With its crazy travel schedules, hotels, planes and so on, touring can be an unpredictable endeavor for any musician, as country star Bill Anderson well knows. The singer-songwriter and television personality ran into something unexpected (literally) while out on the road with his acoustic trio recently, when his tour bus struck a moose near Sandpoint, Idaho.

The 74-year-old Country Music Hall of Famer and his band were traveling to do a show in Libby, Montana over the weekend when the accident occurred. Anderson's website reports the "moose-hap" shook everyone up, but nobody was hurt -- except the moose, which the site reports "paid the ultimate price."

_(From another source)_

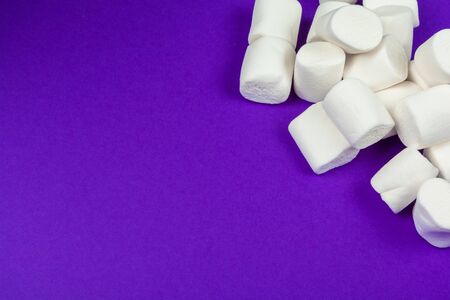 marshmallow laid out on violet paper background. Close up.の写真素材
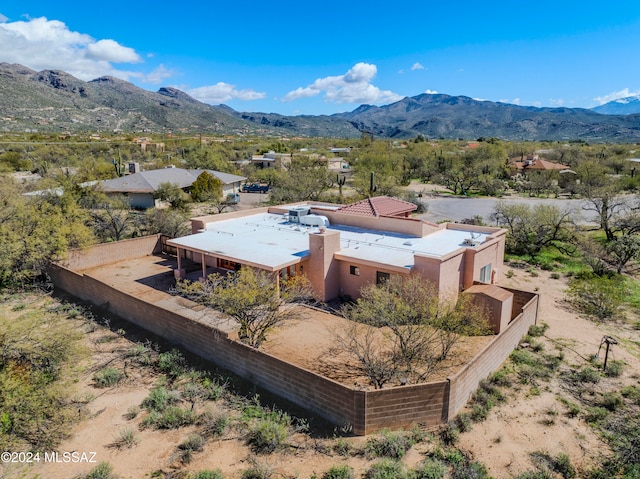 birds eye view of property with a mountain view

Anderson has enjoyed a decades-long career as an artist, releasing more than 40 studio albums and placing seven No. 1 hits. His low-key vocal delivery and spoken word recitations earned him the nickname "Whisperin' Bill." He co-hosted the game show 'The Better Sex' in 1977, and the music quiz show 'Fandango' on the Nashville Network from 1983 until 1989, but it is as a songwriter that he has had the most impact, writing hits and standards including 'City Lights' for Ray Price, Connie Smith's 'Once a Day,' 'A Lot of Things Different' for Kenny Chesney, and the Brad Paisley/Alison Krauss duet 'Whiskey Lullaby,' among many others.